Ma référence est celle-ci : le livre récemment paru Le Travail de la littérature. Usages du littéraire en philosophie[5]. C'est un livre d'études collectives, riche et divers, une synthèse à bien des égards.

Cependant, malgré les déclarations répétées qui figurent dans l'introduction de ce livre et comme son sous-titre l'indique, la littérature est ici devenue un objet privilégié de la philosophie, c'est-à-dire, malgré toutes les précautions posées et malgré le privilège à elle accordé, un moyen de travail de la philosophie sur elle-même : parlant « du point de vue de la philosophie et pour la philosophie » (p. 13), l'introduction du livre s'adresse directement à la littérature (au sens du corpus de ses œuvres telles qu'elles sont écrites et lues) en proposant une ou des pratiques de lecture propres à « faire travailler la littérature à l'intérieur de la philosophie » (p. 22). Par là, on signifie deux choses : que la philosophie, ici, entend bien user en effet des œuvres littéraires comme de moyens pratiqués selon sa demande, selon ses propres méthodes et selon sa propre utilité, et que la discipline littérature (la littérature des « littéraires » cette fois, n'est de rien dans cette affaire.

Or, dans le même ouvrage, la contribution de Marielle Macé, « Stylistique de l'existence entre philosophie et littérature », déplace heureusement le point de vue du côté de la littérature[6].

En substance, d'une part, elle développe une conception élargie du style comme l'ensemble des manières d'être que les sujets développent dans l'usage du monde et ainsi elle réintègre la notion de style dans la perspective philosophique de la vie bonne. D'autre part, elle voit dans la littérature comme activité créatrice un lieu privilégié de cette conception. Et elle suggère que « les littéraires » sont bien placés pour étudier, hors stylistique proprement dite et bien au delà, les formes, modalités et effets du style dans les œuvres littéraires[7].

 

Vous voyez bien où je veux en venir  — au vœu d'une rencontre entre nos deux disciplines : non pas seulement d'un dialogue ponctuel, mais d'une interaction incessante dans laquelle, l'une par l'autre, elles se travailleraient, réciproquement et à égalité, dans l'intérêt de chacune, et des œuvres littéraires et philosophiques.

C'est ainsi que j'entends notre journée d'aujourd'hui…

Pierre Campion



[1] Paul Ricœur, Temps et récit, volume III, p. 234, dans une analyse théorique de la fonction d'auteur et des rhétoriques employées à se dissimuler (et non pas à propos de Proust !) : « Le comble de la dissimulation serait que la fiction paraisse n'avoir jamais été écrite. » Dans Du côté de chez Swann, cette dissimulation de l'écriture en elle-même a si bien fonctionné que Gide s'y est d'abord trompé. Pour Gide et la NRF, seule comptait la qualité de l'écriture, laquelle ici, justement, se dissimulait…
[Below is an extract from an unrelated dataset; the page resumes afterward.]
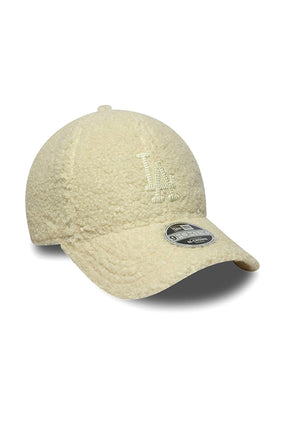 NEW ERA 9FORTY Cappello Pelliccia Logo LA Bianco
[2] « […] car le style pour l'écrivain aussi bien que la couleur pour le peintre est une question non de technique mais de vision » (Bibl. de la Pléiade, éd. Tadié, vol. IV, p. 474).

[3] Avant-dernière position reprise, discutée et dépassée : celle de Deleuze (vol. II, p. 194-195), à propos des signes. Ricœur recueille la notion de signe et la porte d'une problématique philosophique de la vérité à une problématique philosophique de l'agir humain, tel que pratiqué au sein des textes.
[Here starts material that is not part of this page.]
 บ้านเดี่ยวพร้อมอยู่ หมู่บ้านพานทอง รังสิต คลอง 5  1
[4] J'observe que la dernière discussion met en cause trois philosophes : Deleuze, Anne Henry et Ricœur, et sur des positions philosophiques.

[5] Daniele Lorenzini et Ariane Revel, Le Travail de la littérature. Usages du littéraire en philosophie, Presses Universitaires de Rennes, coll. Aesthetica, 2012. Voir sur ce site un compte rendu de ce livre.

[6] Voir par ailleurs Marielle Macé : Façons de lire, manières d'être, Gallimard, 2011.

[7] Voir Marielle Macé, « Formes littéraires, formes de vie », Les Temps modernes, janvier-mars 2013, n° spécial « Critiques de la critique ».